Top of ENTRIES SUPPLIED

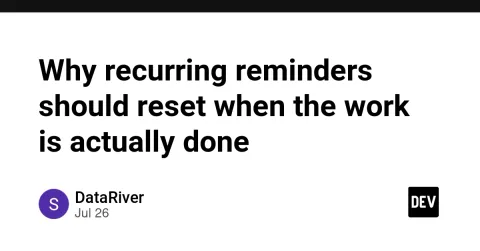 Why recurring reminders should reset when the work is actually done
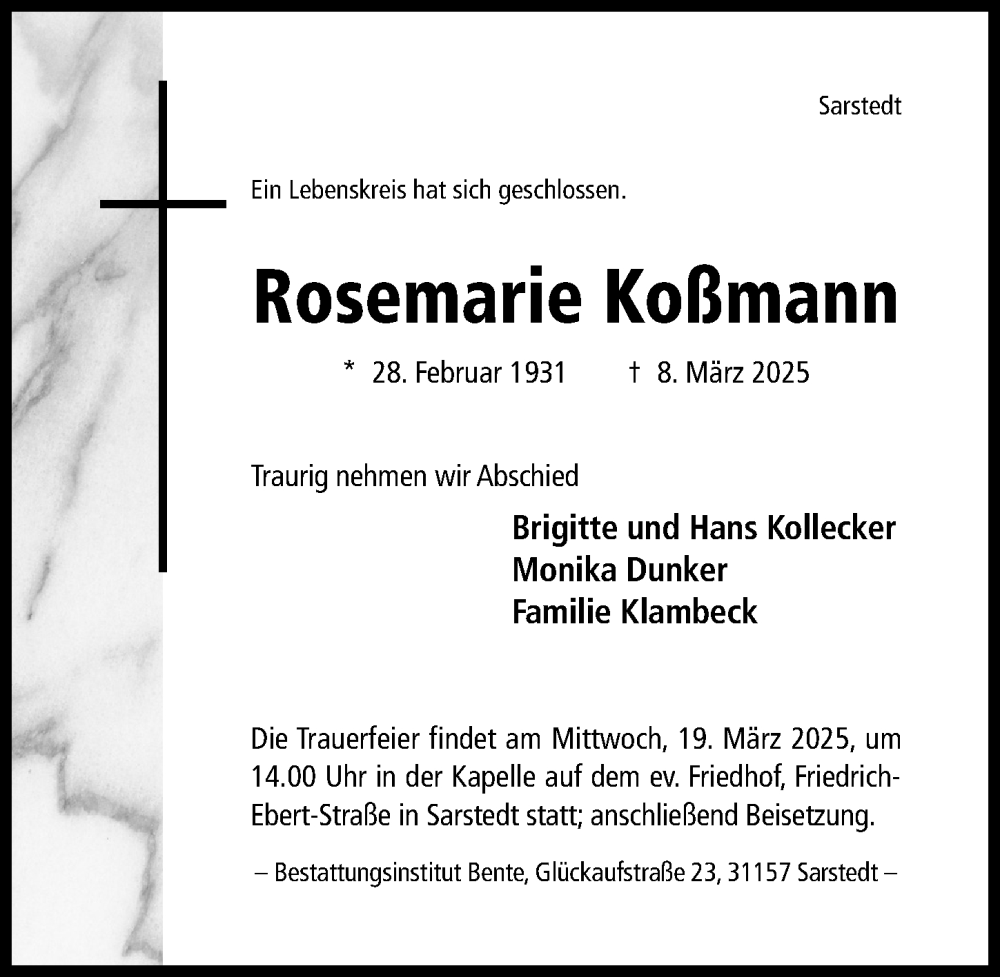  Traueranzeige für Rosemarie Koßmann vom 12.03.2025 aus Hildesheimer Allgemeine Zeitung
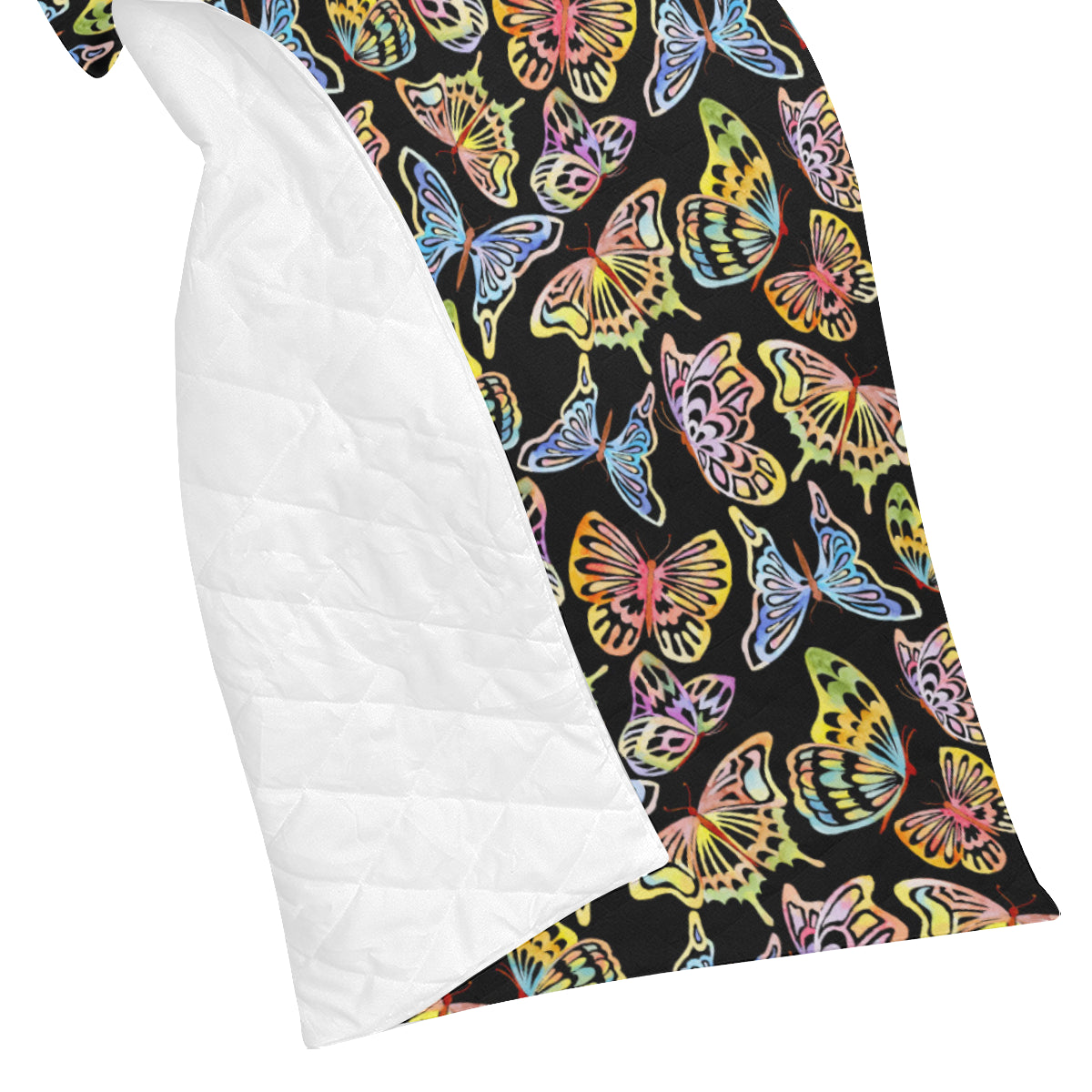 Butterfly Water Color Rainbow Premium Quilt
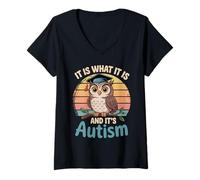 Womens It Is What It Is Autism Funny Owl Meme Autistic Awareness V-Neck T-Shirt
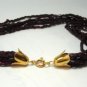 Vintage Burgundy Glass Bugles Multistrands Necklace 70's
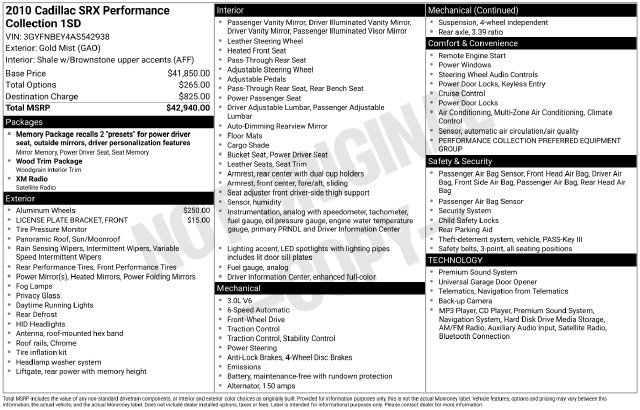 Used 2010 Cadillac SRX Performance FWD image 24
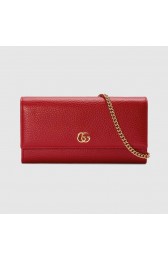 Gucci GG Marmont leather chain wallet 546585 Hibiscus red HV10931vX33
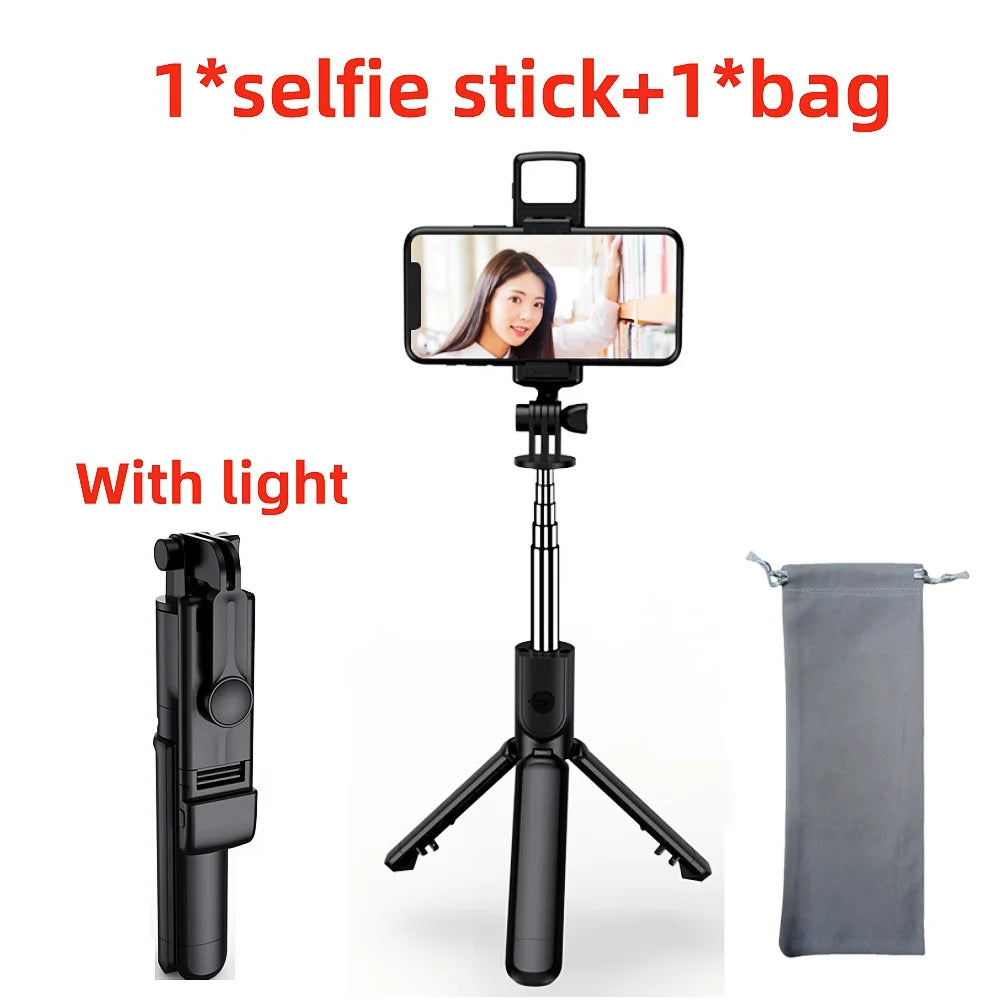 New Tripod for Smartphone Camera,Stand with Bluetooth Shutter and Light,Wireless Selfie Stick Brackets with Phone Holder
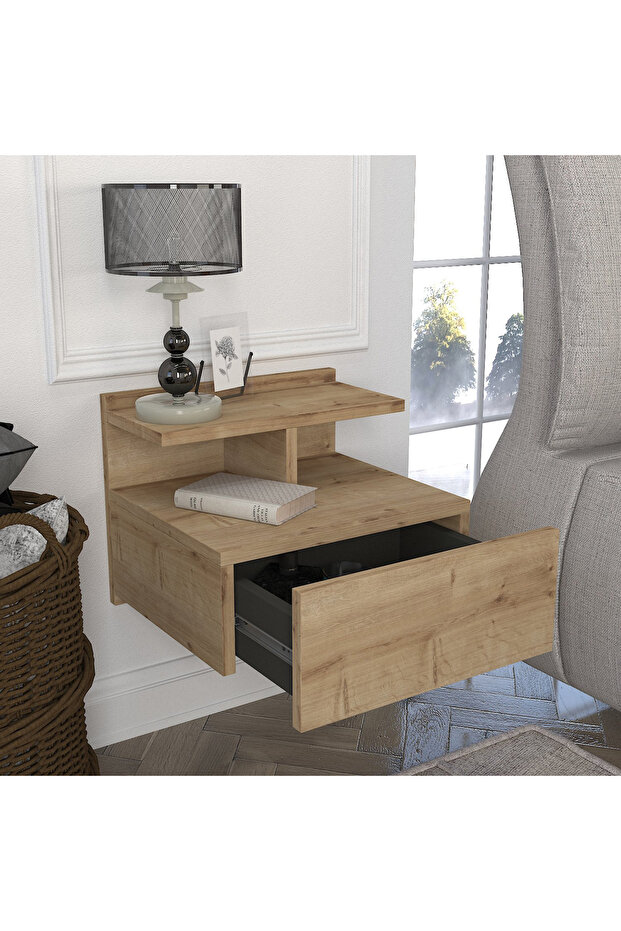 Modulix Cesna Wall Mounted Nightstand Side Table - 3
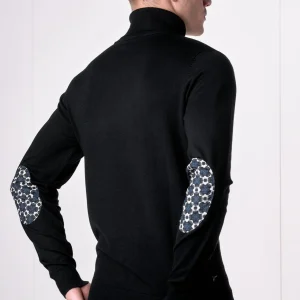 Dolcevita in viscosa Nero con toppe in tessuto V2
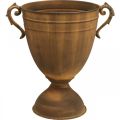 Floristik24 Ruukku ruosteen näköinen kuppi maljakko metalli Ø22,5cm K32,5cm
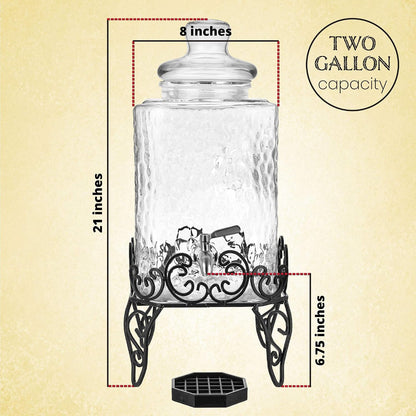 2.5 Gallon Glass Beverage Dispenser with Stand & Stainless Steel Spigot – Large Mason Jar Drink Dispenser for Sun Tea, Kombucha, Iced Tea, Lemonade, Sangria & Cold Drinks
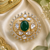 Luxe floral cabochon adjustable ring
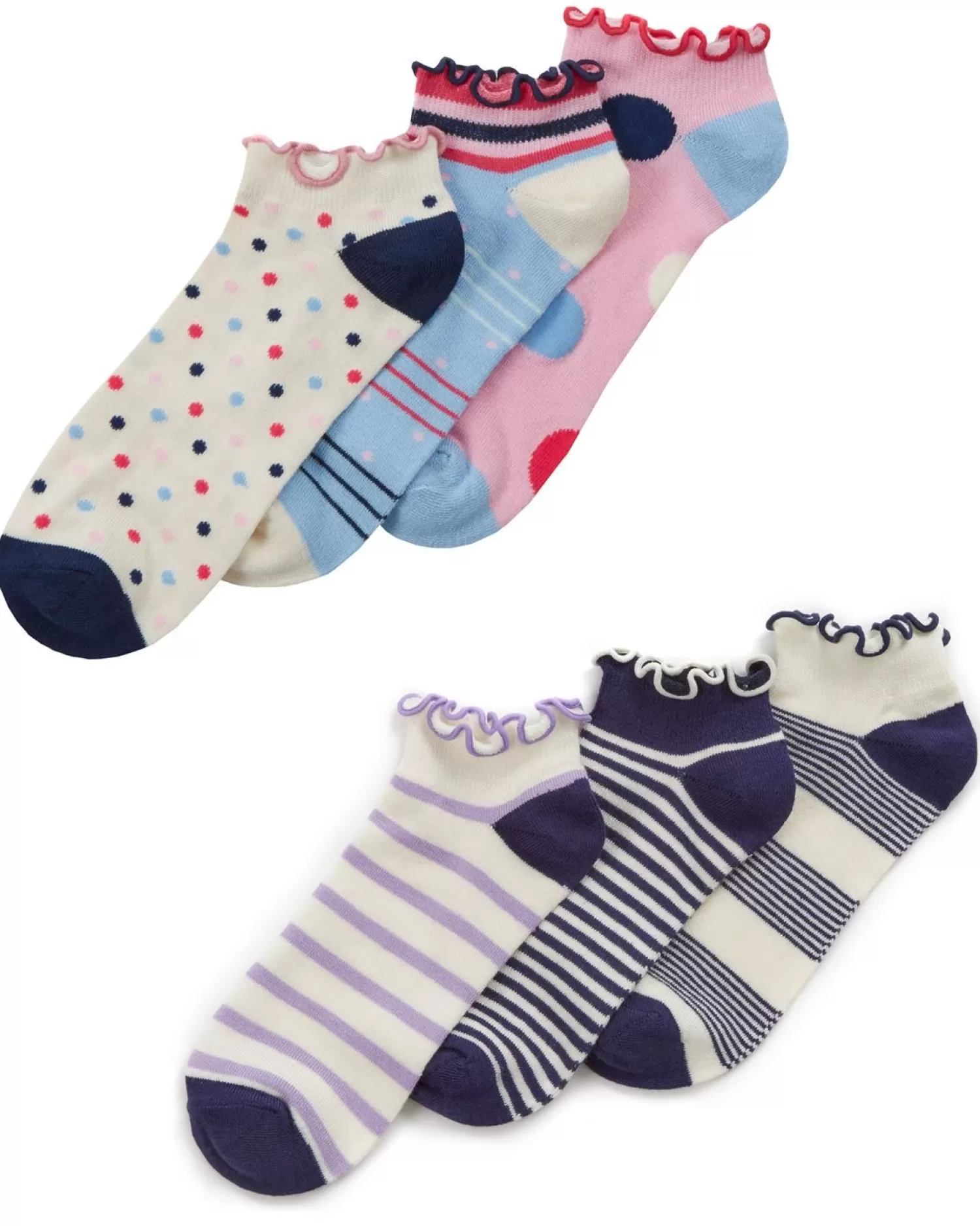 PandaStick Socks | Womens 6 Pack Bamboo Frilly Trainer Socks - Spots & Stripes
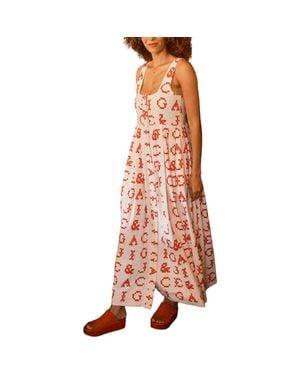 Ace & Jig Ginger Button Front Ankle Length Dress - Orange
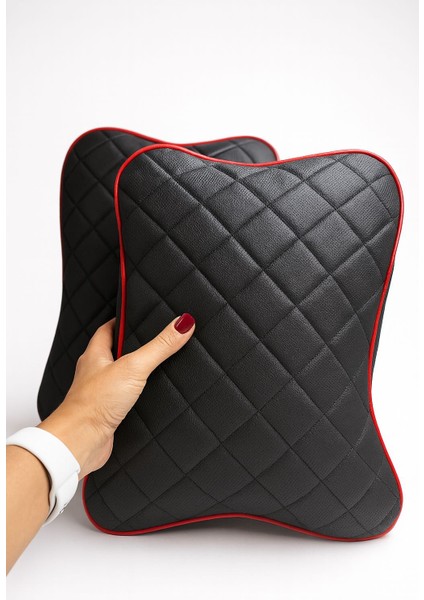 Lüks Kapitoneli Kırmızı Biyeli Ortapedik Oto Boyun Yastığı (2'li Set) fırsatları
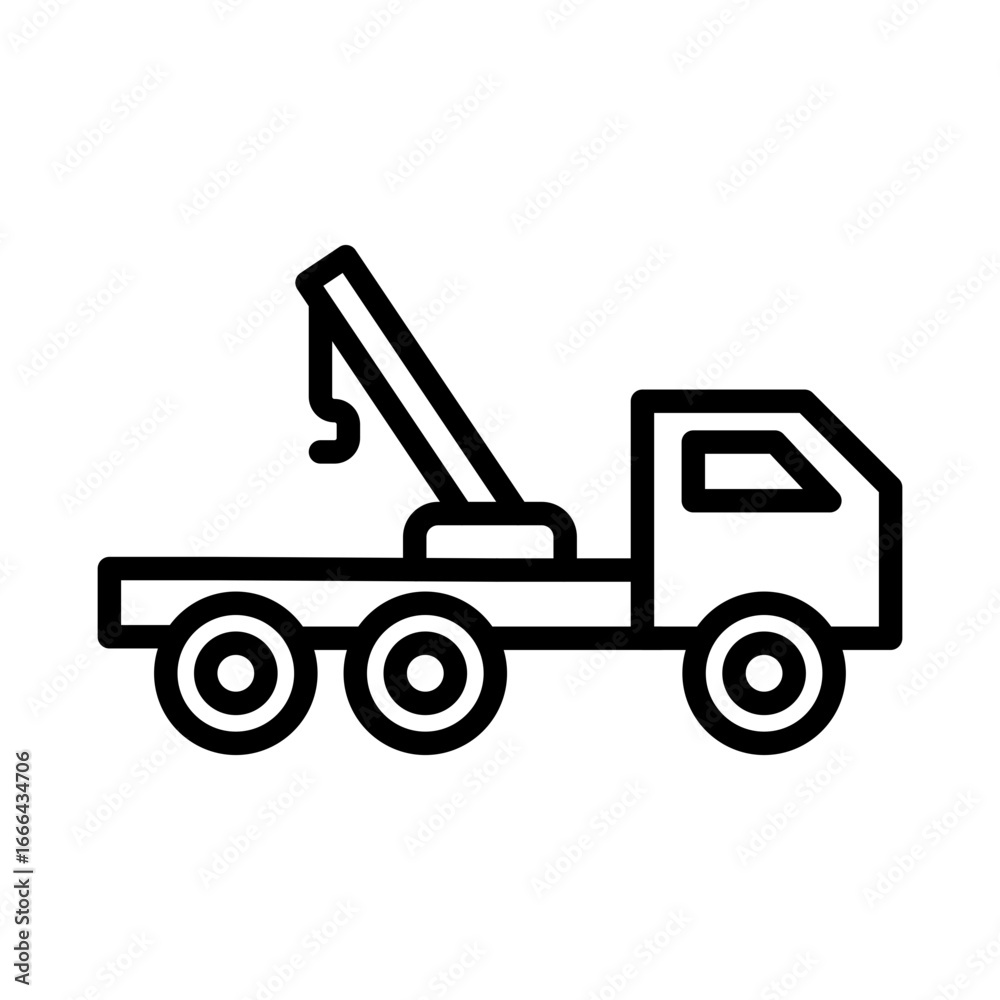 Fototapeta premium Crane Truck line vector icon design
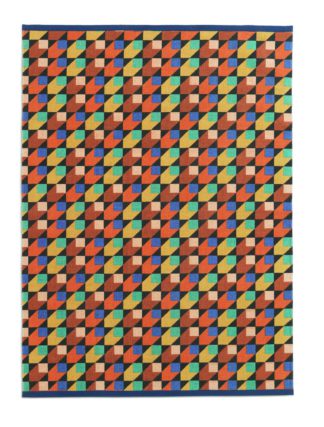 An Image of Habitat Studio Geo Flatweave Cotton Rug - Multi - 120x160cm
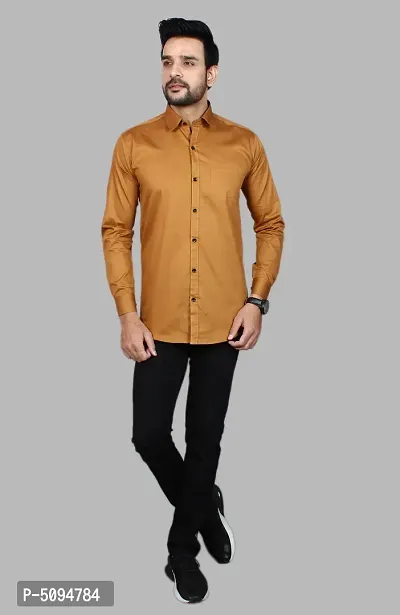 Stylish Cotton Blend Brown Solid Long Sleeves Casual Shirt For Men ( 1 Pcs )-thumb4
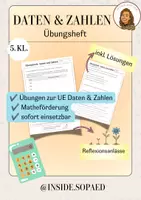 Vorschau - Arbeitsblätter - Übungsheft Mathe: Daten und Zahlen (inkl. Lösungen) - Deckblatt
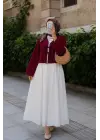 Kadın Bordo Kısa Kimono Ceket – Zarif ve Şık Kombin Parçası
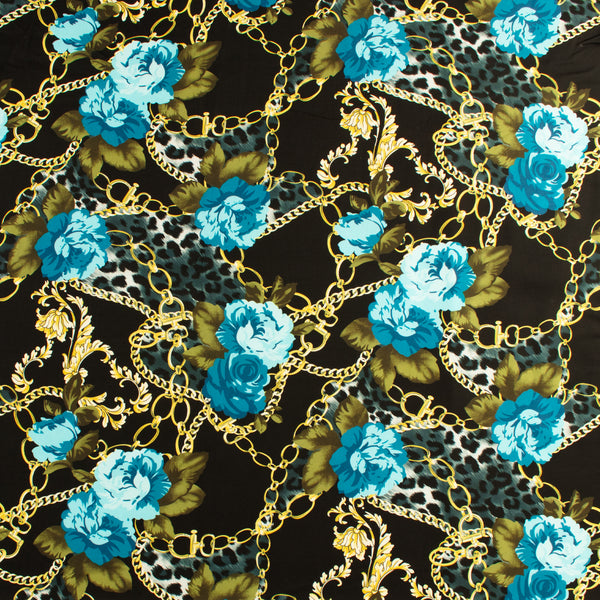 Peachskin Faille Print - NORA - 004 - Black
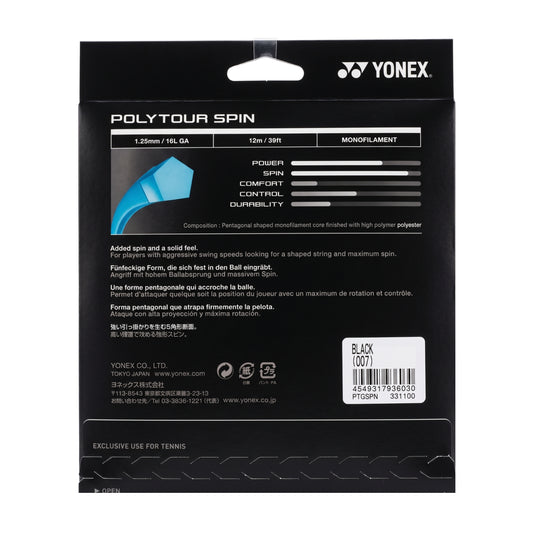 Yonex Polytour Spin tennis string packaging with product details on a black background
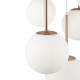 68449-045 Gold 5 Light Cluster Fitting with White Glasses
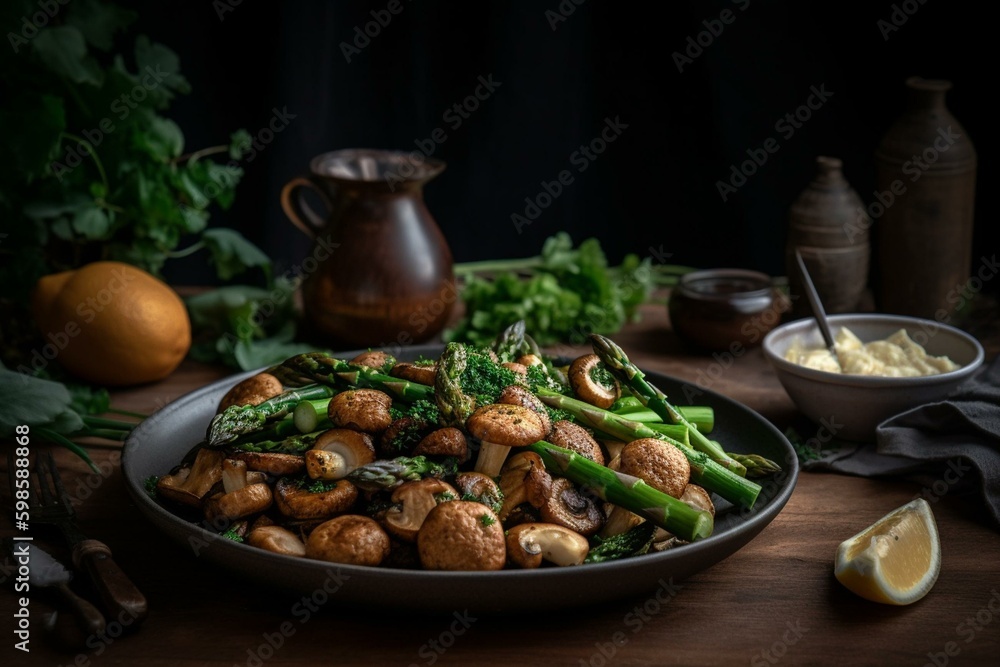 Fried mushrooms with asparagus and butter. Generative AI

Bottom of ENTRIES SUPPLIED

WHAT THE TASK ASKS ▸
Return only the lines from the one containing "Lüks Kapitoneli Kırmızı" through the last line of the entries above, exactly as written and without pictures.

ANSWER SECTION ▸
 Lüks Kapitoneli Kırmızı Biyeli Ortapedik Oto Boyun Yastığı (2'li Set) fırsatları
 Fototapeta premium Crane Truck line vector icon design
 An Image of Habitat Studio Geo Flatweave Cotton Rug - Multi - 120x160cm
 Stylish Cotton Blend Brown Solid Long Sleeves Casual Shirt For Men ( 1 Pcs )-thumb4
 Vorschau - Arbeitsblätter - Übungsheft Mathe: Daten und Zahlen (inkl. Lösungen) - Deckblatt
 Kadın Bordo Kısa Kimono Ceket – Zarif ve Şık Kombin Parçası
 Peachskin Faille Print - NORA - 004 - Black
 Yonex Polytour Spin tennis string packaging with product details on a black background
 68449-045 Gold 5 Light Cluster Fitting with White Glasses
 Fried mushrooms with asparagus and butter. Generative AI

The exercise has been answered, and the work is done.